第10話 僕のチカラ

「俺は反対だっ!」

 白虎びゃっこの尻尾が膨らんでる。毛が逆立ってるから 怒ってるんだな。


 あれからしばらくして白虎が息を切らして帰ってきた。さすが白虎、俊足だね。よほど急いで駆け回ってきたようでゼイゼイ言ってたけど僕の顔を見て安心したみたい。

 だけどその後すぐに青龍せいりゅうが他の四神に僕の事を話すって言いだしたから揉めだしちゃった。


「しかしっ。この子を閉じ込めておくのはかわいそうだろう」

「うるさいっ。この子じゃねえ。リンはちゃんと成人してるんだ。大人として扱ってやれ!」

【白虎はこういう時のフォローはさすがだねえ】

「青龍だけでも嫌なのに、他の奴らがリンの魅力にまいっちまったらどうすんだよ」

「びゃっ白虎! 何言ってんだよ」

【うんうん。私もそう思うよ。リンは可愛すぎる】


 何故か先ほどから一麒かずきが横から口を挟んでくる。ただでさえ、青龍と白虎の応酬で騒がしいのに一麒かずきまで入ってくると誰の意見に耳を貸せばいいのかわからなくなる。

 しかも一麒かずきの言葉は僕にしか聞こえないのだ。


【まったく青龍も白虎も困ったもんだねえ。話をする前から喧嘩腰なんだから】

 そうだ。まずは喧嘩をやめさせないと。

「ふたりとも! いい加減にしてっ! いつまでも僕が大人しくしてると思ったら大間違いだよ! 」

「なんだとっ」

「……どうするつもりだ?」

「……えっと……」

【まずは落ち着かせようか】

「ん……ふたりとも、僕の話を聞いてくれる?」

「わかった」

「すまねえ。リンの事なのに。つい。話してくれ」



「白虎が僕の事を心配してくれるのはすごく嬉しいしありがたいって思ってる。でも、これは僕自身の問題でもあるよね? ここに閉じこもってばかりなのがいいのか悪いのかは周りだけが決める事じゃない。もしそうなら僕にもきちんと説明が欲しい。納得できないものに同意をするわけにはいかないよ。僕も一麒かずきも皇子だって個々の感情は持ちあせているんだからね。ないがしろにするのは許せないよ」


「正論だ。子供扱いして悪かった。君は大人の考えができる人だ」

「ずるいぞ青龍! 俺はちゃんとわかってたさ。だから言うタイミングをはかってただけだ」

【…………】

 なんだか一麒かずきが呆けた顔をしてるけど、まあいいや。

「では今の状況を教えて欲しい。まず一麒かずきの体調や周りの現状から教えてくれる?」

 一麒かずきがそっと僕の隣に座り僕の肩に顔をうずめてきた。何? どうしたの? 泣いてる? 透けてるからわかんないけど。なんか僕泣かすようなこと言ったかな?

【リン。ありがとう】

「……僕はまだいろいろ勉強中だけどこの世界の事嫌いじゃないよ。」


 とりあえず四神には通達を出すことにして、僕は少しずつ聖廟殿せいびょうでんの中を出歩いても良いということになった。もちろん白虎と共にだけど。

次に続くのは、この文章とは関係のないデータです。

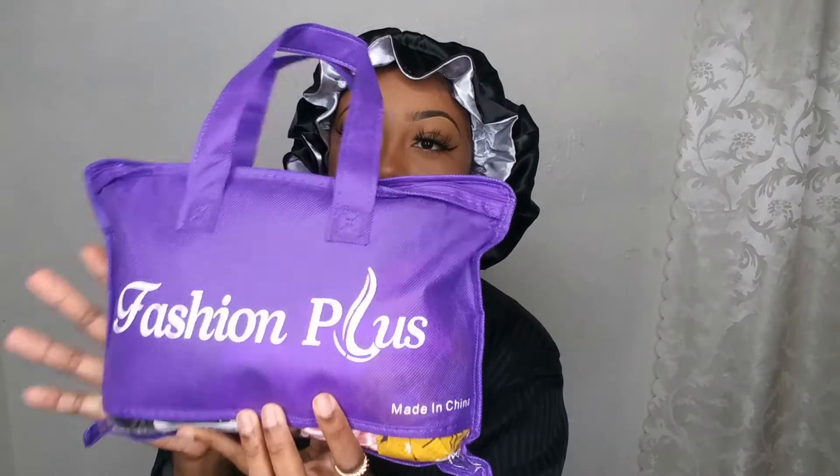I've never done this before so I'm kind of excited. I don't know if I'm going to like it or not, but we're definitely going to find out. So let's get started! This is the packaging — it has Fashion Plus on it — and I just love this, it is so travel friendly.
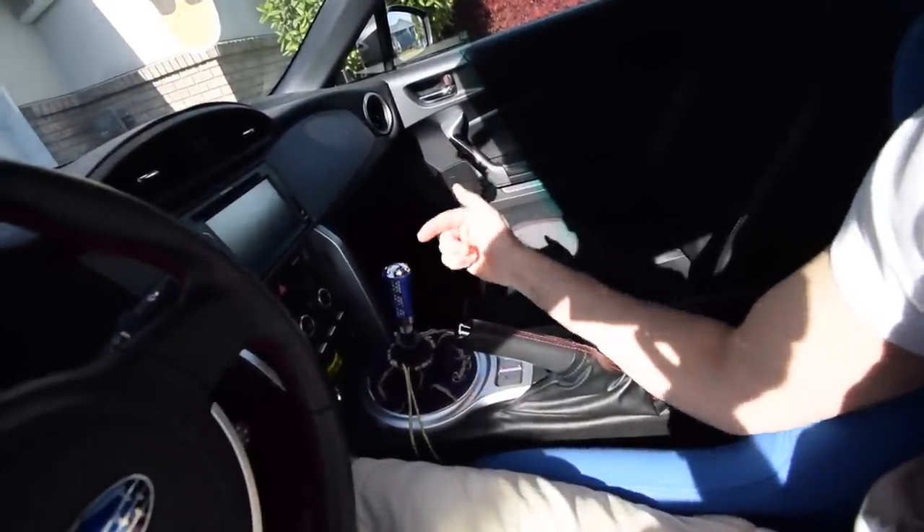My issue with it is just that it's lightweight and I don't really like the feeling of driving with a lightweight knob — you feel everything, it feels a lot more notchy. But I like the height, so I'm thinking I want to get a weighted tall one. That's exactly what testing a cheap product is good for — figuring out if you want it or not.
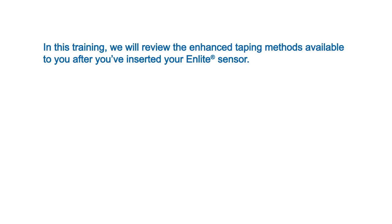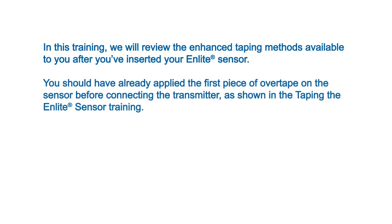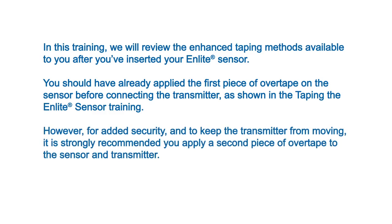In this training, we will review the enhanced taping methods available to you after you've inserted your N-Lite sensor. You should have already applied the first piece of overtape on the sensor before connecting the transmitter, as shown in the taping the N-Lite sensor training. However, for added security and to keep the transmitter from moving, it is strongly recommended you apply a second piece of overtape to the sensor and transmitter.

 呼び名については皇子が二人いたら分かりづらいだろうってことで僕はりんのままでいいよってことにした。


◇◆◇


「よし!散歩に行きたいっ!外に出たいよ、ねーねー白虎行こうよ!」

 次の日は朝から白虎におねだりをした。ふふ、僕はあざといのだ。見た目が幼いならそれを使ってとことん相手に甘えてやろう!そして少しづつ行動範囲をひろげないと。

「ったく。お前なぁ。俺はなるべく目立つことはさせたくないんだけどな」

「そんなの体がなまってしまうじゃないか」

「はははっ!そりゃそうか。まぁ、俺も動き回る方が好きだからさ、仕方ねえなあ」

 なんだかんだ言って白虎は嬉しそうだ。やっぱり身体を動かすのが好きなんだなあ。んー。猫じゃらしないかなあ。じゃれて戯れて欲しい。できれば獣体で!


 初めて部屋の外にでる。久しぶりに吸った外の空気は新鮮だった。なんていうか。神聖な気がする。きっとこの聖廟殿せいびょうでんの中だからだろう。

 僕と白虎のすぐ傍には一麒かずきがついてきている。僕は一麒かずきと手を繋ぐ真似をした。実体がないから本当に繋ぐ事はできないけど、なんだかふわふわしててどっかに飛んでいきそうだったから。反対の手で白虎の手を取るとがははと笑いながらぶんぶんとその手を振り回された。

 目が回るよ!


 赤い柱が続く間を抜けるとすぐに白壁の回廊が出てきた。回廊には漏窓ろうそうと呼ばれる細かい透かし彫りのような窓がいくつも作られており、丸枠、四角枠、六角形などそれぞれ形は違えど統一性が感じられる。まったく違うデザインのはずなのにバランスが取れているのだ。それらはみな、中央の中庭を透かして見せる役割をしていた。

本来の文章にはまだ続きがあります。